RE: Leadership factor....
Be careful here. An excess of leadership can swiftly turn a plethera of ideas into a pile of nothing. Then, your left with charisma and no where to go. Wait...who else has this problem????
Sounds like Germany didn't really have coalitions or democratic/republican government. It was an autocracy of some sort which in capable hands got the interests to believe the mattered.
Sort of like the English Kings who called parliaments in order to get a veneer of legitimacy for what they were going to do anyway.
And I qualified leadership: its importance is that it brings together a coalition. Successful governance requires ideas married to that leadership.

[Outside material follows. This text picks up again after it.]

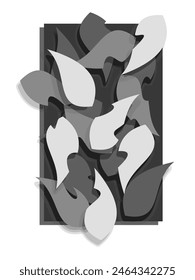 black and white vector design for painting leaves that form beautiful gradations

But successful ideas without leadership aren't going anywhere.
On Germany:
Actually, Bismarckian Germany was extremely democratic...almost too much so at times. Bismarck really wasn't able to force through any of his own agendas (most of the time, this is a good thing...personally, I'm glad the Kulturkampf didn't work). He basically was dealing with interests groups gone crazy. Unlike Wilhelm II, however, he was able to redirect them to government channels (proper parli-pro type stuff), albeit in a gruff manner. This is why naval spending and colonial expansion were moderated under Bismarck. Despite the power of these interests, they HAD to form coalitions and go through the Reichstag to get things achieved. Basically, it's like a system of checks and balances with interests, the Reichstag, and the Chancellor, but since it wasn't actually written into the constitution of Imperial Germany (just a practice), things went to hell in a hand basket when the man who forced a dialogue b/w interests, the Reichstag, and the Exec was fired.
Wilhelm II's reign WAS an autocracy, although what happened was more people enacting policies and procedures against government policy in order to win his favor, regardless of whether or not he ordered it. Similar arguments have been made about Hitler, but I really think, as much of a moron as Wilhelm II was, the comparison with Hitler is a bit weak. Anyhoo, in Wilhelmine Germany, it was a "Hey I scratched your back without you asking, can you scratch mine now without me having to ask special permission from the penny-penchers, the socialists, the conservatives, and the liberals in the Reichstag?"
With Leadership:
I know you qualified it, Matt. I wasn't suggesting the Repubs would fall into such a trap, nor was I referencing totalitarian regimes (I really hope no one made that jump...I hate such comparisons). I was making a subtle jab at my own Dems from earlier this year (although this is now beginning to remedy itself a bit...not all good, but ideas are now there).